Lady Sofia Marivelle, eldest daughter of Duke Caelum Marivelle, sat upon a chaise of pale velvet, her beauty striking and cruel in equal measure. Her hair, silver as moonlight, framed a face that might have been sculpted by gods themselves—sharp, flawless, untouchable. Her eyes, the color of a frozen lake, regarded Eramis with a cold amusement as he knelt before her.

"Well?" she asked, her voice smooth as silk, yet cutting as glass.

"My lady," Eramis whispered, bowing his head low, "the trial was held. As expected, Duke Ardyn mocked his son, challenged him to endure a minute beneath his aura. But…" His voice trembled despite himself. "The boy survived."

Sofia's smile was faint, but it carried venom. "Survived?"

"Yes," Eramis said quickly. "He was broken, burned, on the edge of death, but he did not fall. He endured. And now the Duke has granted him entry into the Ignisar secret chamber for ten months."

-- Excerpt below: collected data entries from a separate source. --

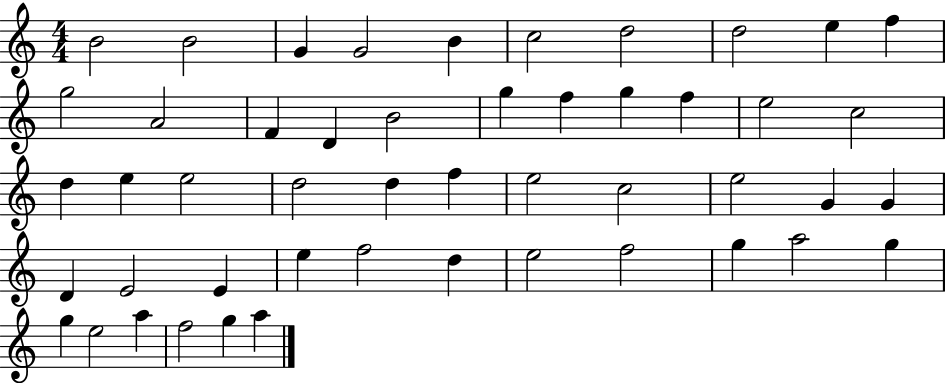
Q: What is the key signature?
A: C major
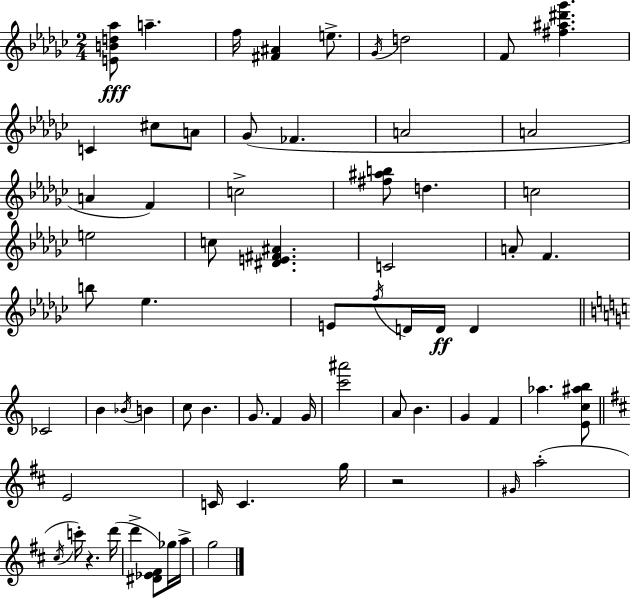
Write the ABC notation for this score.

X:1
T:Untitled
M:2/4
L:1/4
K:Ebm
[EBd_a]/2 a f/4 [^F^A] e/2 _G/4 d2 F/2 [^f^a^d'_g'] C ^c/2 A/2 _G/2 _F A2 A2 A F c2 [^f^ab]/2 d c2 e2 c/2 [^DE^F^A] C2 A/2 F b/2 _e E/2 f/4 D/4 D/4 D _C2 B _B/4 B c/2 B G/2 F G/4 [c'^a']2 A/2 B G F _a [Ec^ab]/2 E2 C/4 C g/4 z2 ^G/4 a2 ^c/4 c'/4 z d'/4 d' [^D_E^F]/2 _g/4 a/4 g2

Silence followed. The weight of it pressed heavily on Eramis's chest. He dared not look up until Sofia finally spoke, her words tinged with mocking disbelief.

"How curious. Even the mighty Duke Ardyn allows his son to live. If he truly wished him dead, he would have crushed him outright… or slain you long ago for your failures."

Eramis flinched. "My lady—"

"Spare me your excuses," Sofia interrupted, her eyes narrowing. "This proves only one thing: Ardyn himself has little faith in his child. Otherwise, would he have let you live? No. He would have burned you to ash the moment you betrayed his house. Instead, he tolerates your existence… because even he thinks his son will not matter."

Her voice dropped, cold and deliberate. "And he is wrong. The fact that boy stood for even a minute against an Emperor Realm aura means the blood of Ignisar has not failed entirely. He is dangerous. A weed that must be pulled before it grows thorns."

Eramis swallowed hard, bowing lower. "What are your orders, my lady?"

Sofia leaned back, her fingers drumming lightly on the arm of her chair. Her smile returned, but this time it was sharp, predatory.

"Watch him. Report every step he takes before entering that chamber, keep an eye on his personal servents.The moment he falters, the moment he reveals weakness… we will strike. And if Ardyn dares to shield him, then we will remind the Duke that not even fire can melt the cold of the Marivelles."

Her laughter, soft and chilling, lingered in the chamber as Eramis bowed lower, his body trembling though not from the cold.

Far away, in the Ignisar estate, Noctus lay unconscious, his soul battered, his body broken—but within him, the faint glow of his Fire Core and the unstable hum of his Time Core pulsed in defiance.

The world thought him beaten. The nobles thought him doomed. Sofia thought him a weed to be plucked.

But Noctus would rise again.

And when he did, the kingdoms themselves would tremble.